• PROBLEM TO WORK ON:
Where the line containing "Zapatos Bimba y Lola Cuña Azul" appears below, begin there and reproduce each line exactly through the last one, omitting pictures.

(SUPPLIED DATA Opens)

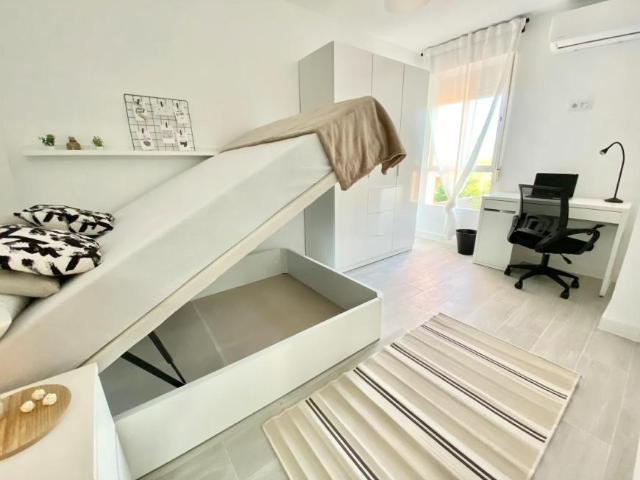 Habitación en alquiler en Juan de la Cierva, Getafe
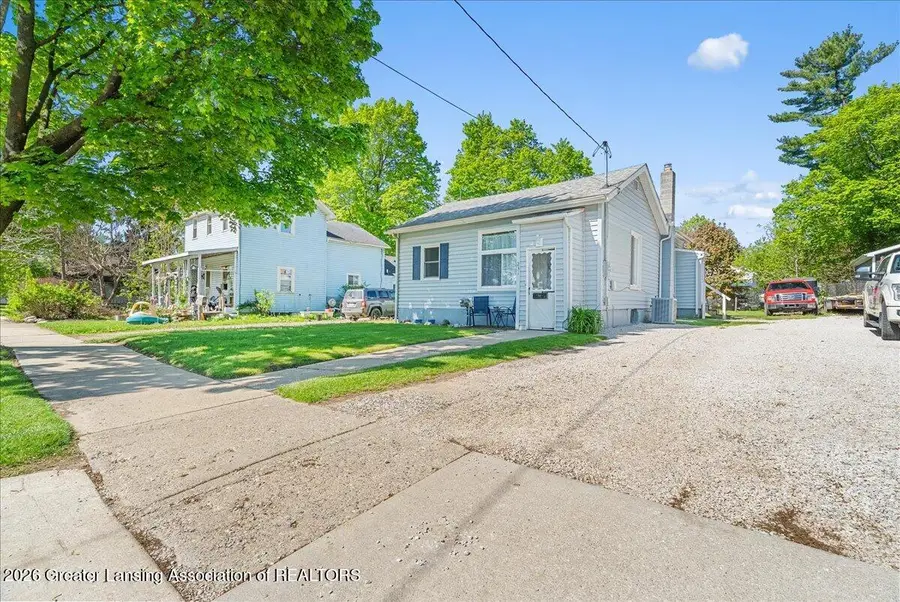 231 N Sheldon Street, Charlotte, MI 48813 - #3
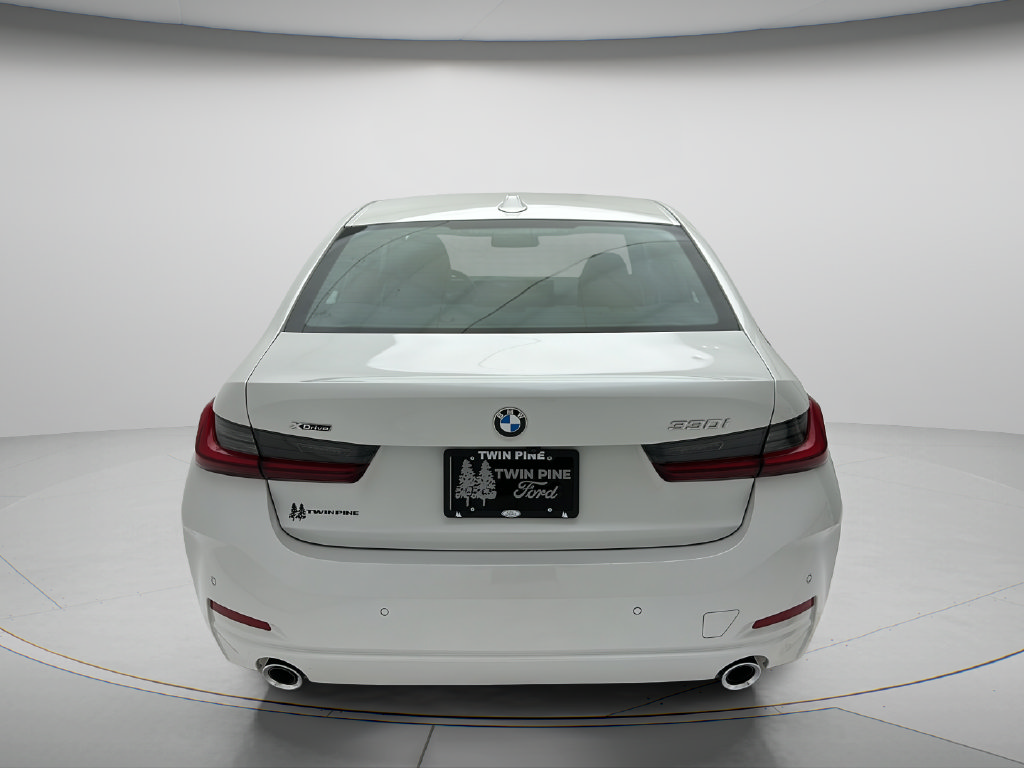 Used 2026 BMW 330i xDrive Sedan AWD/4WD image 7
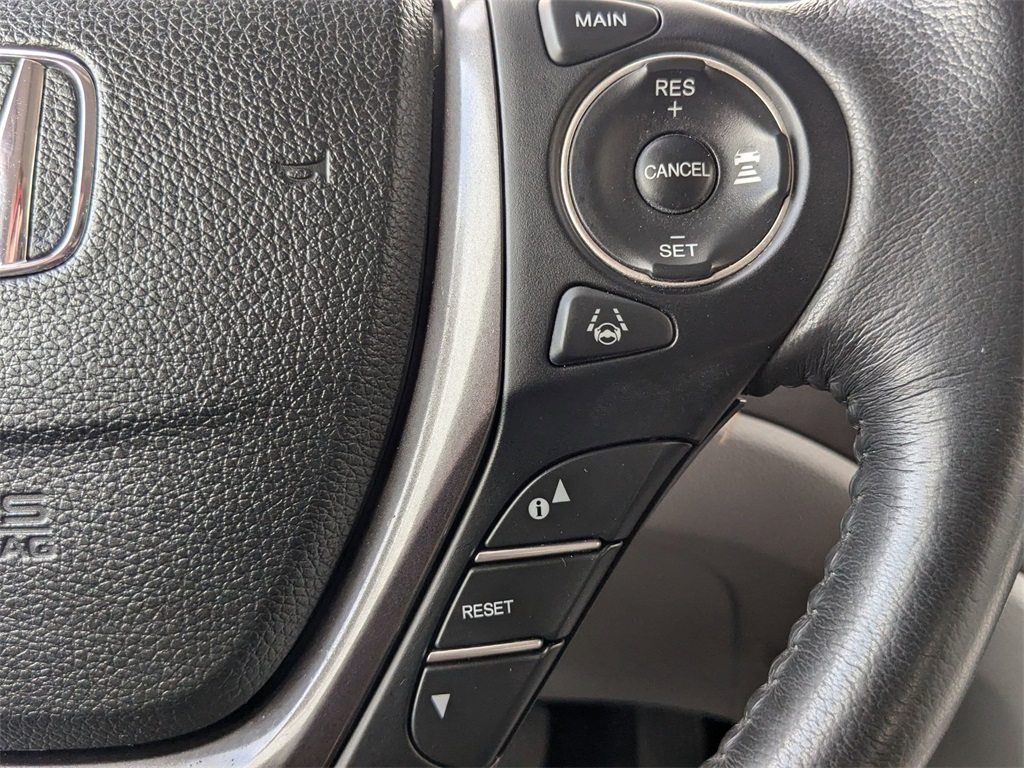 2022 Honda Ridgeline RTL-E photo 17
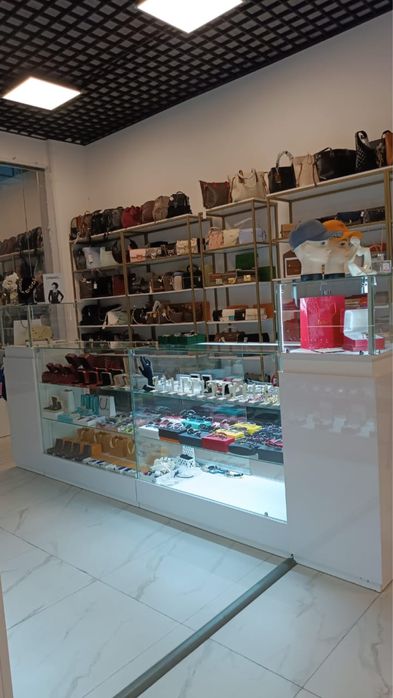 Продаются стеклянные витрины с освещением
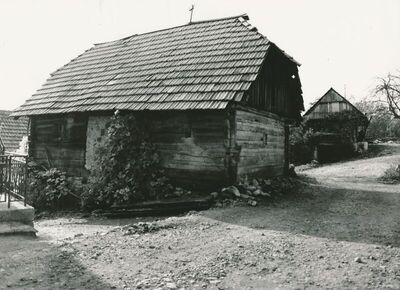 Brlog Ozaljski (Kamanje) - Tradicijska kuća, uže i dulje pročelje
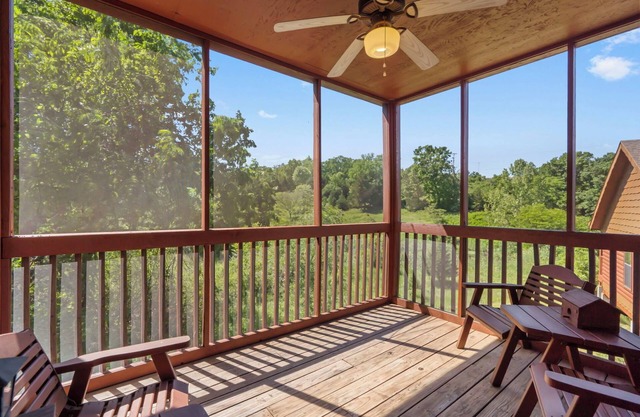 Great Family Cedar Cabin with Fireplace & Screened Deck just Minutes from Shows!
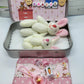 🥚【1º en Semana Santa】🐰 Mini Peluche de Conejito en Lata – Regalo Divertido y Encantador para Pascua 🎁✨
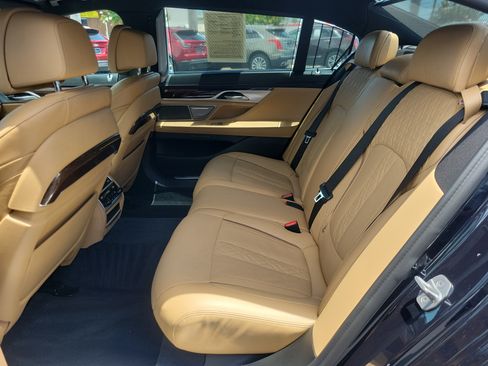 Used 2022 BMW 750i xDrive w/ Luxury Rear Seating Package AWD/4WD image 17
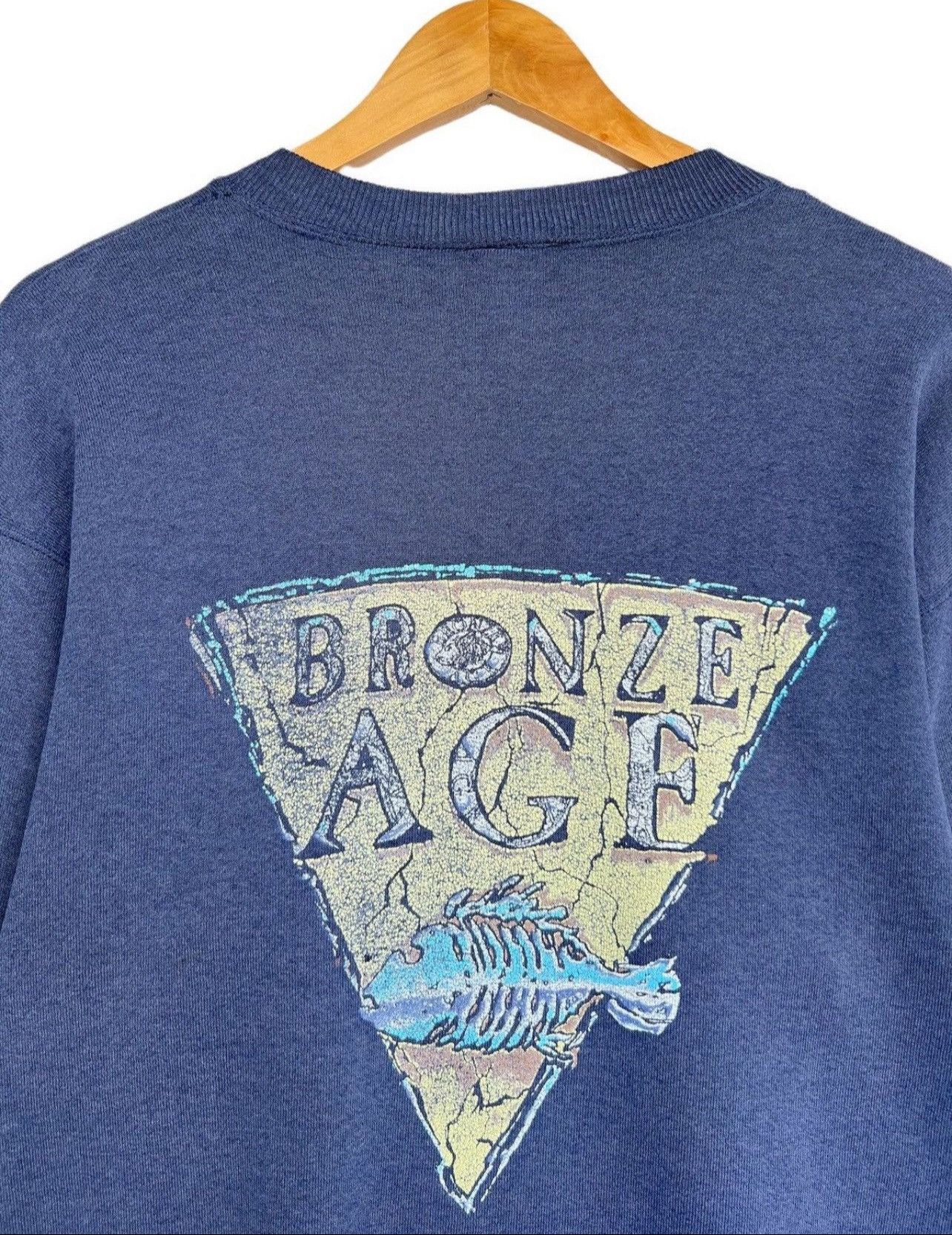 Vintage Vintage 90s Bronze Age Sweatshirt Bronze Age Crewneck Medium Size US M / EU 48-50 / 2 - 5 Thumbnail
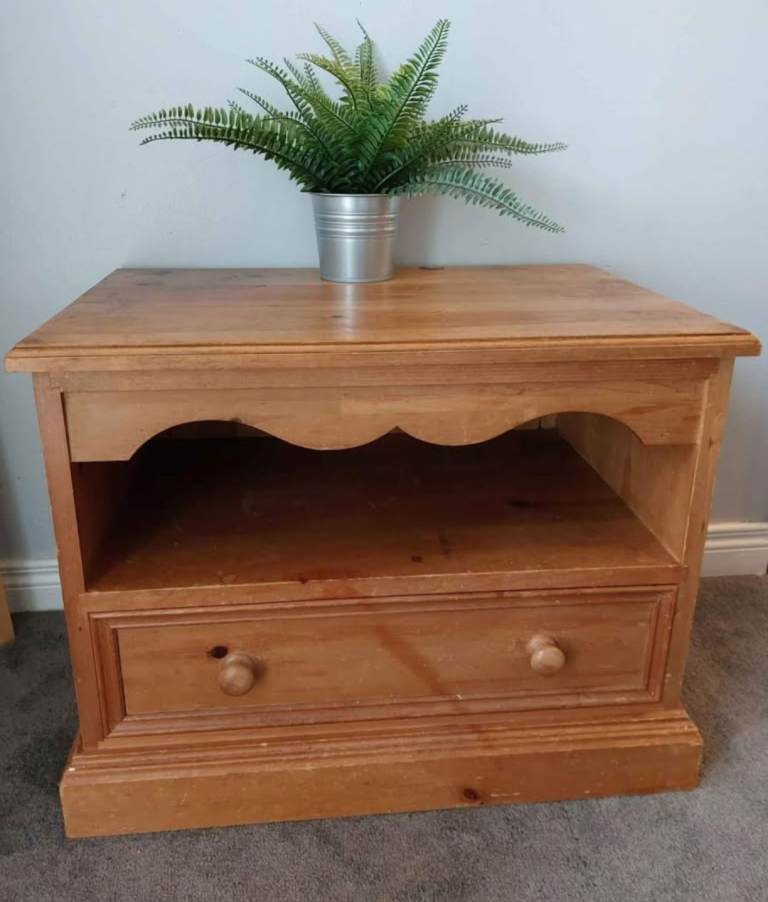 Pine TV cabinet/ stand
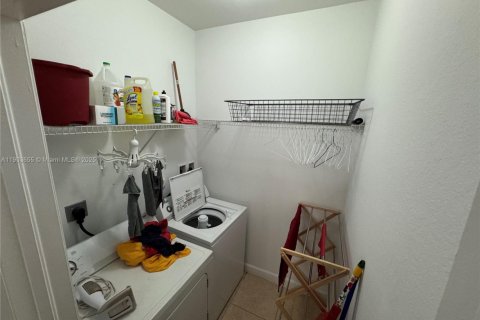 Touwnhouse à vendre à Doral, Floride: 3 chambres, 186.55 m2 № 1956043 - photo 2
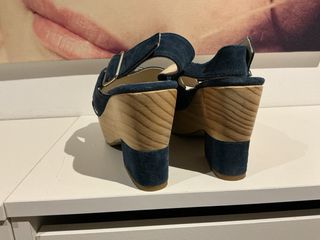 Zapatos Bimba y Lola Cuña Azul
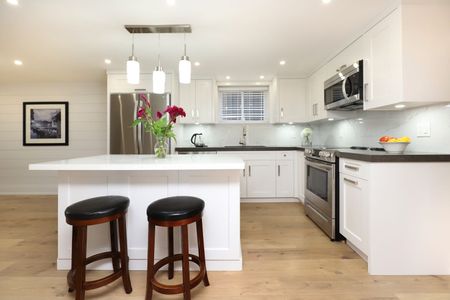 For Lease - 55 Flora Drive, Hamilton, Ontario - Photo 2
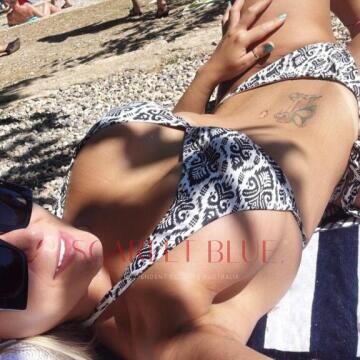 Selfie Pics from Flavia Sartor - Private Escort Touring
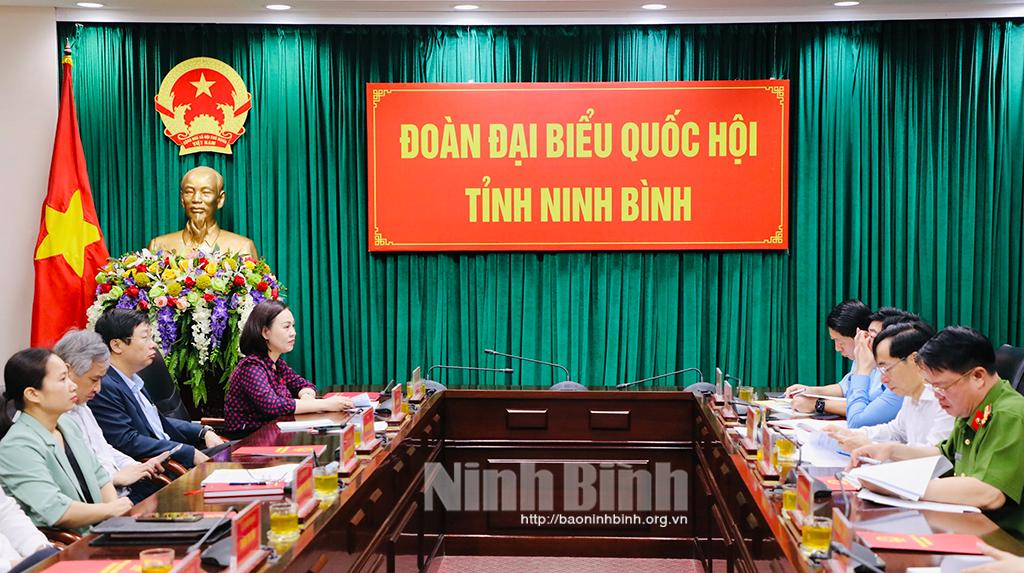 Ủy ban Thường vụ Quốc hội tổ chức phiên chất vấn và trả lời chất vấn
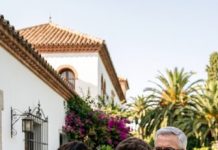 El martes enterré a mi padre. El jueves, mi madrastra me despidió con un documento falso, pero no contaba con que el abogado de la familia descubriría un fraude federal que cambiaría todo.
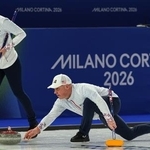 　５４歳で五輪初出場したカーリング米国男子のリチャード・ルーホネン（右）＝１４日、コルティナダンペッツォ（ＡＰ＝共同）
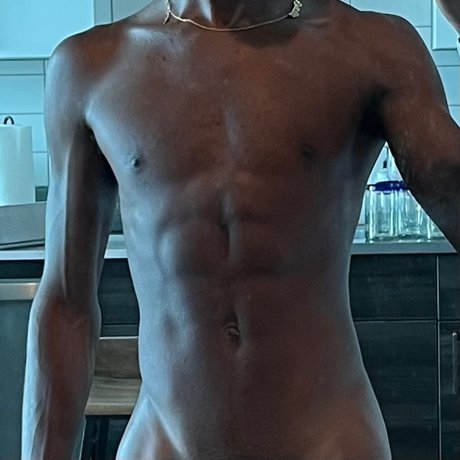 Nacktes geleaktes OnlyFans-Foto von Maxxx Slayer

(SUPPLIED DATA Closes)

• SOLUTION:
 Zapatos Bimba y Lola Cuña Azul
 For Lease - 55 Flora Drive, Hamilton, Ontario - Photo 2
 Selfie Pics from Flavia Sartor - Private Escort Touring
 Ủy ban Thường vụ Quốc hội tổ chức phiên chất vấn và trả lời chất vấn
 El martes enterré a mi padre. El jueves, mi madrastra me despidió con un documento falso, pero no contaba con que el abogado de la familia descubriría un fraude federal que cambiaría todo.
 　５４歳で五輪初出場したカーリング米国男子のリチャード・ルーホネン（右）＝１４日、コルティナダンペッツォ（ＡＰ＝共同）
 Nacktes geleaktes OnlyFans-Foto von Maxxx Slayer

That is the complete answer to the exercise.